MY ALT TEXT

Abstract

Recent advances in personalized generative models demonstrate impressive results in creating identity-consistent images of the same person under diverse settings. Yet, we note that most methods cannot control the viewpoint of the generated image, nor generate consistent multiple views of the person. To address this problem, we propose a lightweight adaptation method, PersonalView, capable of enabling an existing model to acquire multi-view generation capability with as few as 100 training samples. PersonalView consists of two key components: First, we design a conditioning architecture to take advantage of the in-context learning ability of the pre-trained diffusion transformer. Second, we preserve the original generative ability of the pretrained model with a new Semantic Correspondence Alignment Loss. We evaluate the multi-view consistency, text alignment, identity similarity, and visual quality of PersonalView and compare it to recent baselines with potential capability of multi-view customization.

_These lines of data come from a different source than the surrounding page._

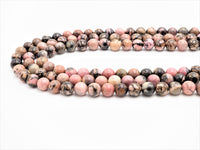 Natural Smooth Round Rhodonite beads, 6mm/8mm/10mm/12mm Natural Gemstone beads, Natural Rhodonite Beads, 15.5inch strand, SKU#U300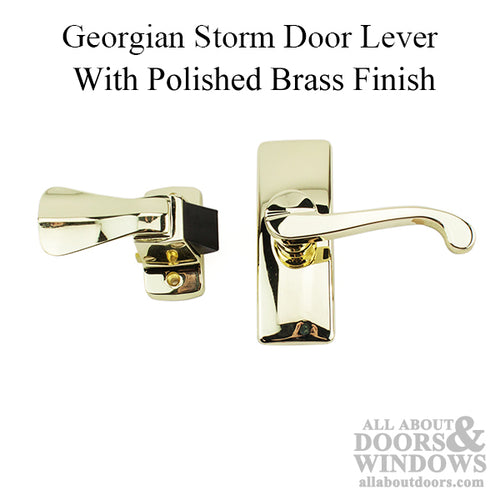 Georgian Lever and Storm Door Handle, Polished Brass, Mulitple Door Thickness - Georgian Lever and Storm Door Handle, Polished Brass, Mulitple Door Thickness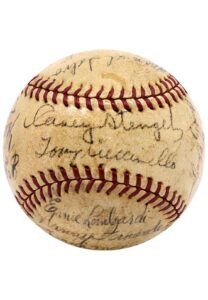 1942 Boston Braves Team-Signed ONL Baseball Including Rookie Spahn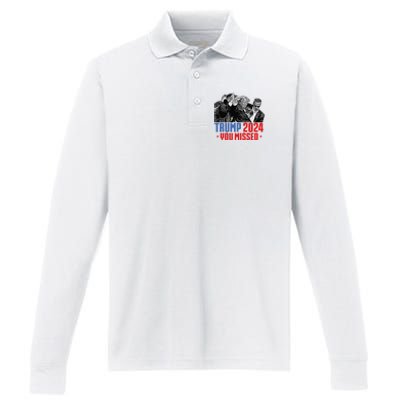 Trump Shot Bulletproof Bloody Ear Bleeding Butler Pa Trump Performance Long Sleeve Polo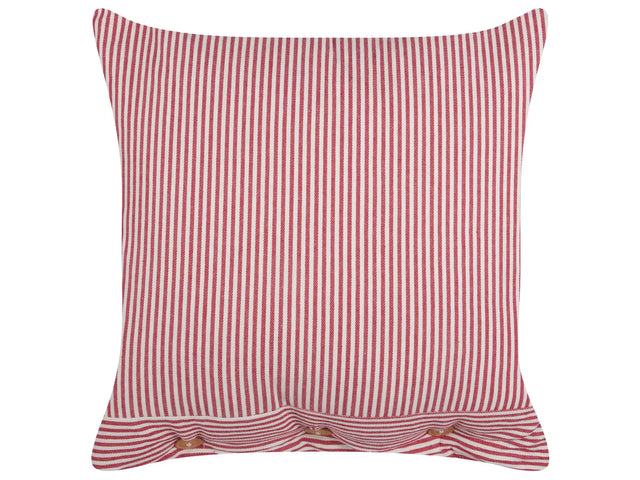 Decorative Cushion Red and White Cotton 45 x 45 cm Striped Pattern Buttons Retro Dcor Accessories Bedroom Living Room Beliani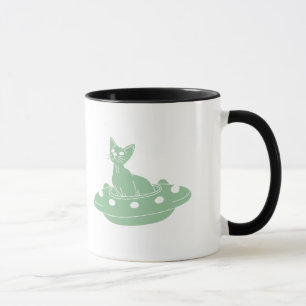 Cat in Ufo - Choose background colour Mug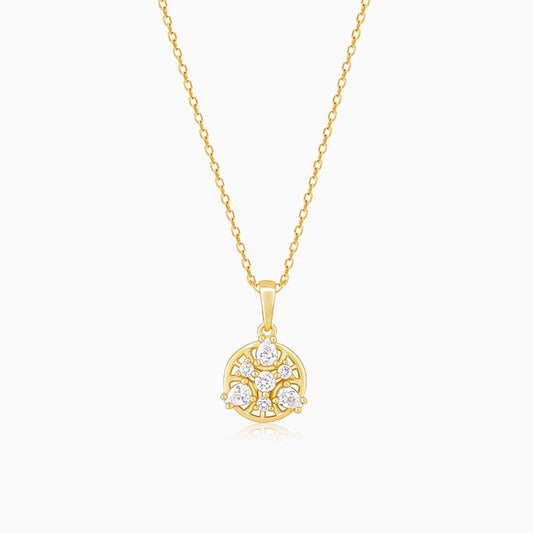 Golden Serene Floral Pendant With Link Chain
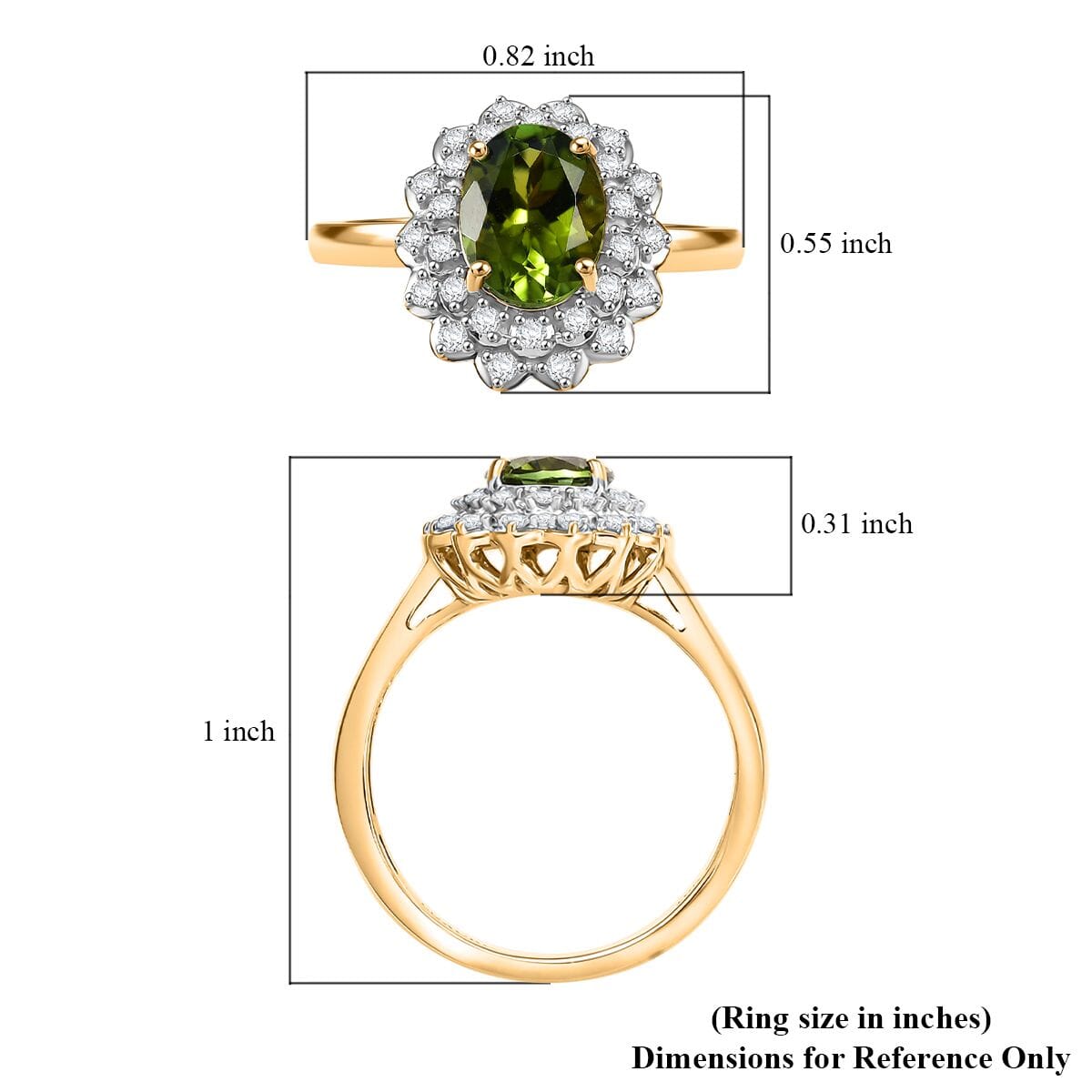 Certified & Appraised Luxoro AAA Natural Calabar Green Tourmaline and G-H I2 Diamond 1.42 ctw Ring in 10K Yellow Gold (Size 8.0) image number 5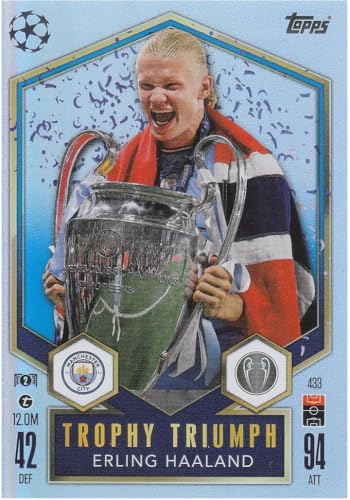 Erling Haaland t 12.0M Stürmer Man City Topps Trophy Fußball Sammelkarte 433 von Generisch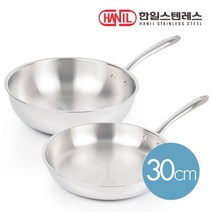 [한일스텐레스] 올파이브 통오중 스텐후라이팬 2종세트(30후+30궁), 상세 설명 참조, 상세 설명 참조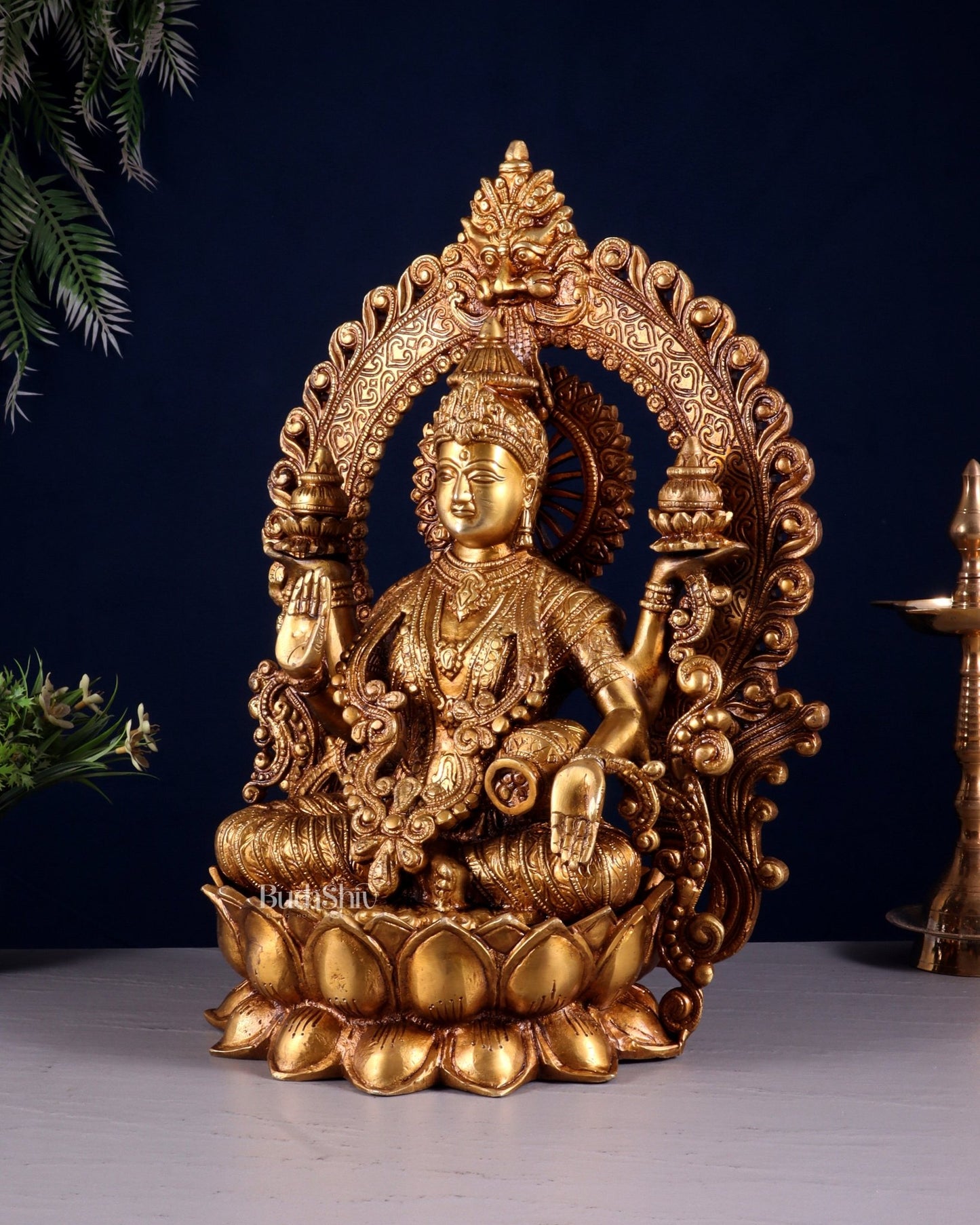 Pure Brass Goddess Lakshmi with Prabhavali Arch Statue - 15" - Budhshiv.com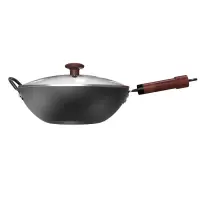 美的(Midea)炒锅铁锅无涂层铸铁锅炒菜锅具式家用炒菜 日式精铁32cm(明火专用)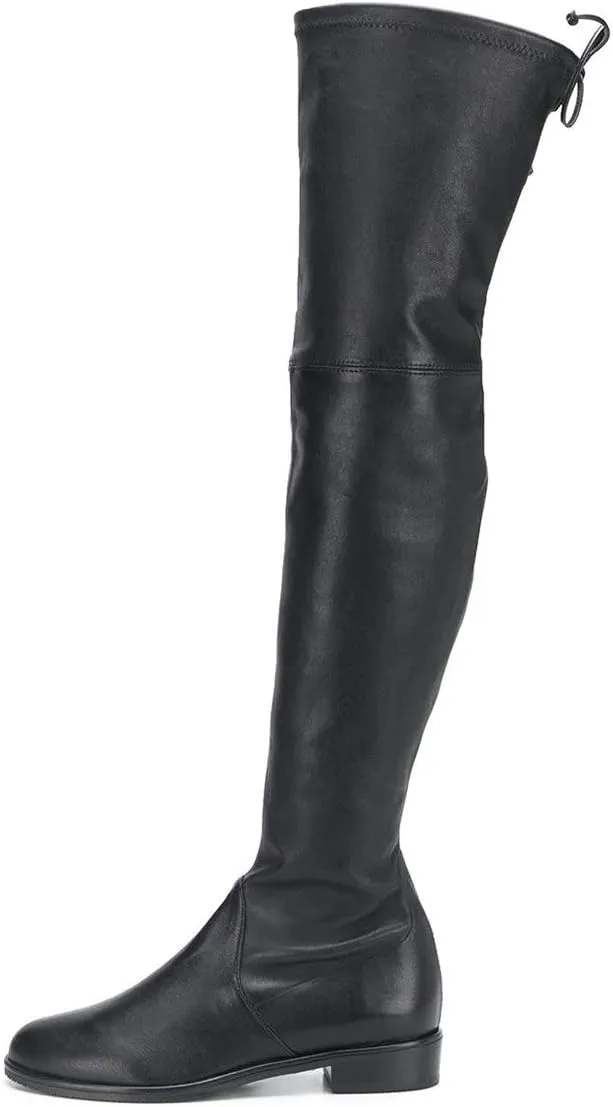 YDN Women Classic Thigh High Closed Round Toe Boots Trendy Low Chunky Heels Over The Knee Party Dress Pumps Suede Shoes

PersonalView significantly outperforms baselines trained on a large corpus of multi-view data with only 100 training samples.

Overall Framework of PersonalView

MY ALT TEXT

In step 1, we use SMPL to fit the body mesh corresponding to the sample from the personalized generator. Then we render the body mesh for multi-view depth maps. With the in-context depth maps, we can generate the multi-view customization images in step 2 using the personalized model with our control Adapter.

Qualitative comparison

MY ALT TEXT

DiffPortrait3D and Era3D exhibit limitations in maintaining geometric and visual consistency, especially with regard to full-body and background regions. Although ViewCrafter achieves improved scene modeling, it does so at the expense of geometric consistency in human representations. Besides, both BAGEL and Qwen-Image demonstrate suboptimal performance in terms of multi-view control. In contrast, our PersonalView achieves superior performance in both geometric fidelity and visual coherence across views.